Sarah Whorf also explores the interconnection of seemingly unrelated objects, events, and  memory.  Through collage and printmaking techniques, she recontextualizes symbols, ideas and forms of a personal vocabulary. She eschews precise meaning .  In both Inhale, Exhale, Repeat and Durer Ingested: Wasp Nest, delicate abstract patterns are overlaid with seemingly unrelated objects, defying the viewer to comprehend any particular message.

 

Collage, process and pattern are  also basic attributes of Bee Colman's work. Her primary medium is textiles, where she applies her familiarity with the global contributions of women to the field in her sculptures and wall hangings.
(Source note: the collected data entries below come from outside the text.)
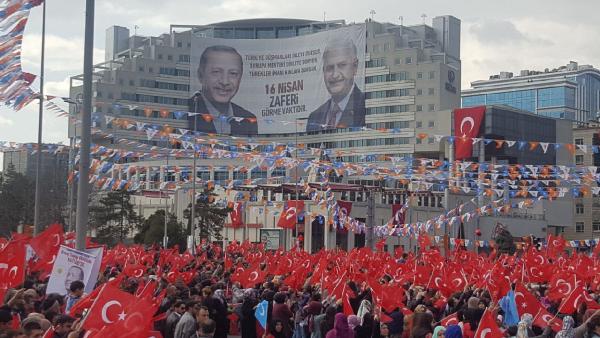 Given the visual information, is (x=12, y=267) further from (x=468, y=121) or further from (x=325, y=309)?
(x=468, y=121)

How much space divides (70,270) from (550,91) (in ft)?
528

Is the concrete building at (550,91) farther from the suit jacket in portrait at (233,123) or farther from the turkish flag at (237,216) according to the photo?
the turkish flag at (237,216)

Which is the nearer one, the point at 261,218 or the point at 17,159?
the point at 261,218

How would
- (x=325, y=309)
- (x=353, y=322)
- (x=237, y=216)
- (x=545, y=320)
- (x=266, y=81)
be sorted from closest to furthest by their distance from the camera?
(x=353, y=322) < (x=545, y=320) < (x=325, y=309) < (x=237, y=216) < (x=266, y=81)

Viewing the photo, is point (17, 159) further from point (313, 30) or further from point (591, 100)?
point (591, 100)

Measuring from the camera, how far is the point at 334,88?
10131cm

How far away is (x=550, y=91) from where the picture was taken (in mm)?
165750

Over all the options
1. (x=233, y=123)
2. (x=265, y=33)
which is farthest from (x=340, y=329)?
(x=265, y=33)

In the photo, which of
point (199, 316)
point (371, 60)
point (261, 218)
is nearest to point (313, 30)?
point (371, 60)

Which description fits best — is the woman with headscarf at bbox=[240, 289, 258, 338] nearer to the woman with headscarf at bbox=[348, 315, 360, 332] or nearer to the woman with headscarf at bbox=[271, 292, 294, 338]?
the woman with headscarf at bbox=[271, 292, 294, 338]

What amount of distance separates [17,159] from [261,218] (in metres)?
44.8

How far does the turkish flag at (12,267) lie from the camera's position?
42.7 feet

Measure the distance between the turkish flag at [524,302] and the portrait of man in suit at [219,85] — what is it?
93.4m

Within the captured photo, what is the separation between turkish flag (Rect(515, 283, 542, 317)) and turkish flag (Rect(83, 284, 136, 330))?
308 inches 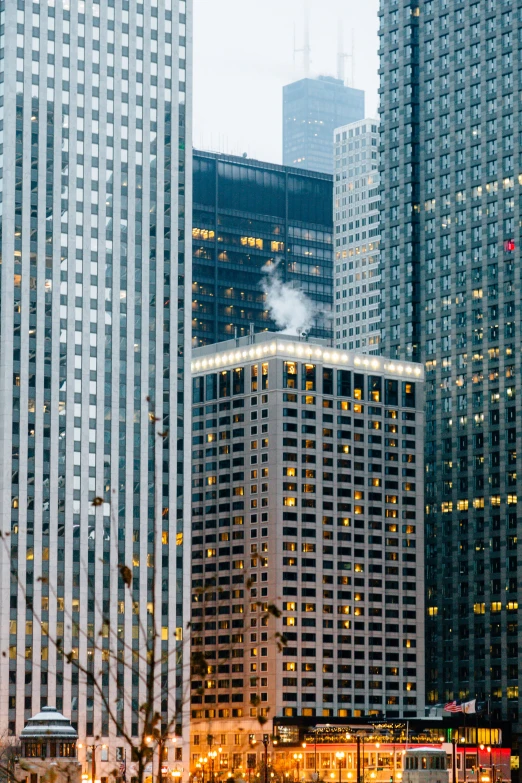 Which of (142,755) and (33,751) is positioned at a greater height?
(142,755)

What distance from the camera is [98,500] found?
25.6m

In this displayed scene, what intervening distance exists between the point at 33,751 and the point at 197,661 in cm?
15080

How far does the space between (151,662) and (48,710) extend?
170m

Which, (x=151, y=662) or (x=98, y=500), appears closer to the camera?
(x=151, y=662)

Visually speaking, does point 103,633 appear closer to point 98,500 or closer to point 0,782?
point 98,500

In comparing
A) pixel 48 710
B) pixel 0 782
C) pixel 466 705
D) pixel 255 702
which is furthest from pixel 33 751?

Paper, as it shares with textiles its origin in fibers, is a natural medium for Colman.  Here, Cosmic Blocks and Polka Dot Blocks merge symbols and patterns in an abstract reference to her muse who aids in the conquest of creative obstacles.

 

The instinct to right wrongs and to expose dysfunctional aspects of human interaction is an enduring part of the art world canon.  Seth Hill composes digital photo collages using reproductions of art historical icons to accentuate the hyperstimulating impact of the mass media.  Vermeer is teamed up with Egyptian hieroglyphics and Quaker Oats labels, in a visual world  run amok.  Our challenge is to rearrange it into a meaningful discourse.

 

The collages of Beverly Decker in this exhibition are social commentary on the recent events in Afghanistan.  In Petrified  #1 and Petrified #2 people embrace, simultaneously expressing grief and  joy.  Decker contrasts  the Yin and Yang of events, and is inclusive in portraying both sides of this human tragedy.  The intensity of feelings in this politico-religious conflict is highlighted by the scraped graphite surface of the images.

 

Caroline Maxwell traveled to artists' colonies in Capetown, South Africa, for a month last year, and drew an image a day to record her impressions of the moment.  For both of these works, she drew a figure adapted from a photo of a running soldier, rotated it, and immersed it into either a rural haystack or an American Indian encampment.  These enigmatic and disturbing visions are commentaries on the inequities of the human condition whether in Africa or North America.

 

The map of human belief systems shows a mutable terrain, a landscape where crisscrossing journeys of the mind can reveal new discoveries, re-acquaint with former realms, and form an infinite network of potential explorations.  Artists are cartographers and Los Angeles is one hub of the topography.   In this exhibition, artists have mapped some of their mind trips and  discoveries in inner space.

 

The thought manifests as the word;

The word manifests as the deed;

The deed develops into habit;

And habit hardens into character.

So watch the thought and its ways with care

And let it spring from love

Born out of concern for all beings.

The Buddha3  

 

 

 



1Elizabeth Roberts and Elias Amidon, Life Prayers.  San Francisco:  Harper, 1996,  p. xix.